* Stocks extend selloff on Italy woes; Asia follows Wall St slide
* Edgy investors flee stocks, seek safety in bonds
* Euro hits 10-month low, dollar and yen rise
* U.S. moves on China trade also unnerve investors
* Oil under pressure after big falls in last 3 days
* Spreadbetters see mixed opening in Europe
By Tomo Uetake
TOKYO, May 30 (Reuters) - Asian stocks extended a global sell-off on Wednesday as Italy’s political crisis rippled across financial markets, toppling the euro to a 10-month low, pushing up borrowing costs for Rome and sending investors into safer assets such as U.S. Treasuries.
MSCI’s broadest index of Asia-Pacific shares outside Japan tumbled 1.4 percent, while Japan’s Nikkei average sold off 1.5 percent to a six-week low.
Chinese shares also headed south, with the Shanghai Composite index down 1.4 percent. South Korea’s KOSPI and Australia’s S&P/ASX 200 slipped 2.0 percent and 0.5 percent, respectively.
Financial spread-betters expected a mixed opening in Europe, with London’s FTSE to open 5 points lower at 7,627, Frankfurt’s DAX to open 5 points higher at 12,671 and Paris CAC to open down 3 points at 5,435.
The sharp downturn in Asia followed from an equally harsh session on Wall Street on Tuesday, where the Dow Jones Industrial Average fell 1.6 percent, the S&P 500 lost 1.2 percent and the Nasdaq Composite dropped 0.5 percent. The financial sector took the hardest hit.

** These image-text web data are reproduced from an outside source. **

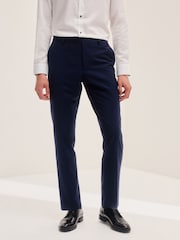 Navy Blue Slim Fit Check Suit Trousers - Image 1 of 1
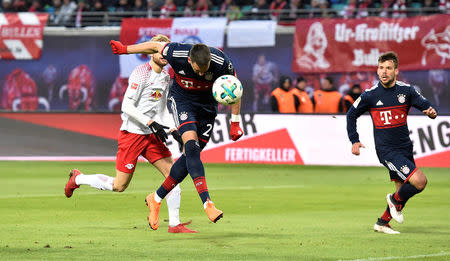 Soccer Football - Bundesliga - RB Leipzig vs Bayern Munich - Red Bull Arena, Leipzig, Germany - March 18, 2018 Bayern Munich’s Sandro Wagner scores their first goal REUTERS/Matthias Rietschel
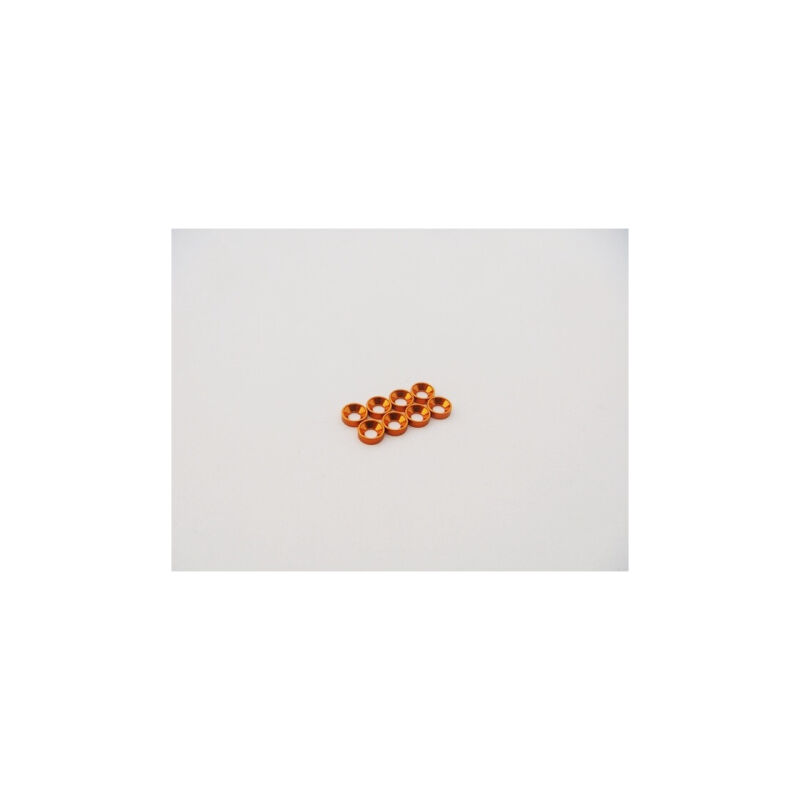 Hiro Seiko M2 Aluminum Countersunk Washer (S-Size) [Orange] (8pcs) / HS-48873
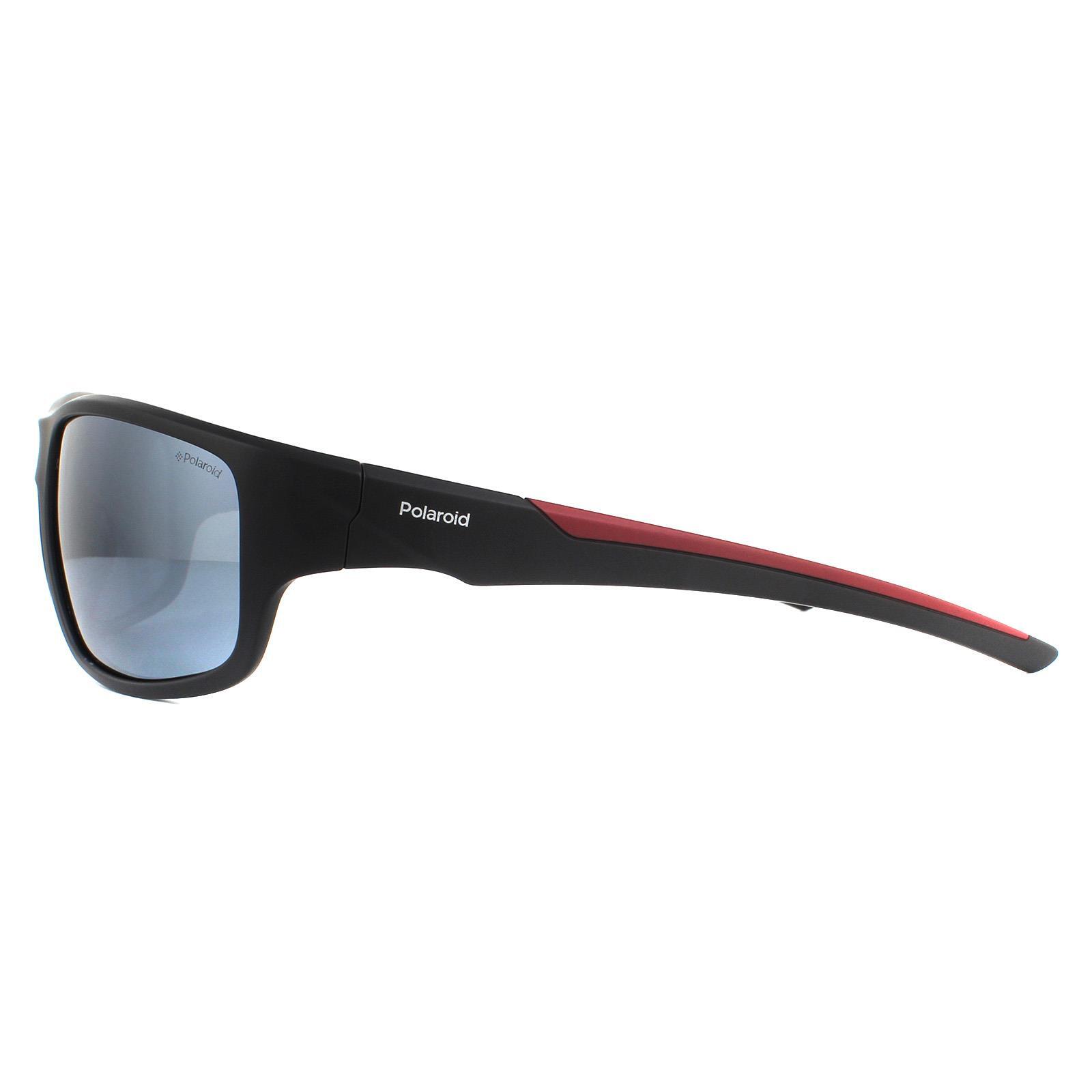 Polaroid Wrap Mens Black Grey Polarized Sunglasses 3/4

Investors fear that repeat elections in the euro zone’s third-largest economy - which could come as soon as July - may become a de-facto referendum on Italian membership of the currency bloc and its role in the European Union.
“The way Italy’s short-term debt yields are spiking makes you think default risk is on radar in the market. It tells how grave the situation is,” said Makoto Noji, senior strategist at SMBC Nikko Securities.
“What the markets are starting to factor-in is not a default per se but an early election leading to a victory of eurosceptics and an exit from the euro.”
Short-dated Italian bond yields - a sensitive gauge of political risk - soared 1.5 percentage points from Monday to their highest since 2013 in their biggest move in nearly 26 years.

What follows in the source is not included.